The Appellant’s Position
 The Appellant contended that the initial developer or Frontender makes two separate taxable supplies. The Appellant relied on the decision in Calgary (City) v Canada, 2012 SCC 20,  SCJ No. 20, to make the argument that there are separate supplies because none are integral to the other, they could exist separately and one supply is not preparatory to the other. The Respondent’s characterization of the nature of the supplies and the value of the consideration ignores provisions of the CSA, the statutory regime for municipal Oversized Infrastructure set out in the MGA and the historical practice developed between members of the Urban Development Institute and the Appellant.
 The Frontender makes a taxable supply of construction services and real property rights to the Appellant when completing the municipal Oversized Infrastructure. The Appellant receives the completed infrastructure for free by operation of law. In fact, this was the position taken by the CRA in its GST/HST Interpretation dated September 16, 2004 (Exhibit A-2, Tab 36, page 7). In addition, the Reply to the Notice of Appeal made no assumptions of fact in this regard. Pursuant to subsection 16(2) and section 651 of the MGA, no consideration changes hands in respect to this supply of municipal infrastructure and, therefore, no GST should be payable by the Appellant under subsection 165(1) of the ETA. The Appellant is the recipient of this supply because title to the completed municipal infrastructure ultimately vests in the Appellant.
 The Frontender also makes a second taxable supply of completed Oversized Infrastructure to Latecomers for consideration which is payable by the Latecomers pursuant to the CSA and section 651 of the MGA. The Latecomers are required to contribute proportionately to the total cost of the Oversized Infrastructure because it benefits their property. The Latecomers receive a supply of services of completed Oversized Infrastructure from the Frontender. The recipient of this supply is the Latecomer, not the Appellant, and there should be no GST assessed in respect to the Appellant on the supply of services which were from the Frontenders to the Latecomers. Therefore, it is the Frontender that must collect and remit GST.
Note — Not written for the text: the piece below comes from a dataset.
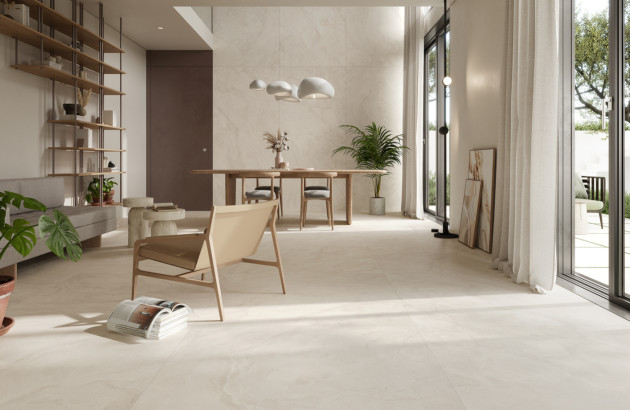 Pièce à vivre lumineuse recouverte de carrelage beige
 There is no evidence, in fact or as disclosed in the CSAs, that the Appellant supplied or resupplied infrastructure to the Latecomers or, for that matter, to Frontenders. The Appellant supplies the Latecomers with only the development permits or subdivision approvals which are subject to a separate pricing system with respect to municipal permit and inspection costs. When the Appellant supplies development permits and subdivision approvals to Frontenders or Latecomers, that supply is an exempt supply pursuant to subsection 20(c), Part VI, Schedule V of the ETA. The Minister incorrectly assumed that the total of all amounts that the Latecomers paid to the Appellant related solely to these permits and approvals. However, the Appellant pointed out that the total amounts, that the Minister contends were collected from the Latecomers as permit and approval fees, “vastly exceed” the fees for permits and approvals established in Tab 8 of the Joint Book of Documents (Exhibit A-1). Consequently, amounts paid by the Latecomers to the Appellant in excess of the permit and inspection fees, are being collected by the Appellant as agent of the Frontenders, who are entitled to those amounts from the Latecomers as a condition to the issuance of the permits by the Appellant. Those amounts that are paid by the Latecomers, in excess of the amounts of the permit fees, are for receipt of the supply of the Oversized Infrastructure from the Frontenders.
 The Appellant is, therefore, acting as an agent for the Frontender in respect of the second supply because it acts as a facilitator when it receives funds from the Latecomers on behalf of the Frontender. It does not supply or re-supply services to the Latecomer. It is acting in its capacity as the administrator of the CSAs in remitting the cost-sharing amounts from the Latecomers to the Appellant’s principal, the Frontender. Those amounts include an amount in respect to GST collected, since the Frontender is required to collect and remit tax on its taxable supply, construction services of Oversized Infrastructure, that benefits the Latecomers. Because the Latecomers are liable to pay under the CSA and the MGA, they are the “recipient” of the supply. The Appellant must remit this payment, including GST, to the Frontender pursuant to the CSA between the Appellant and the Frontender. In oral argument, Appellant counsel suggested that the question that is relevant to ask in respect of this issue is: What did the Appellant supply? Counsel contended that the Appellant supplied nothing (Transcript of Submissions, page 4).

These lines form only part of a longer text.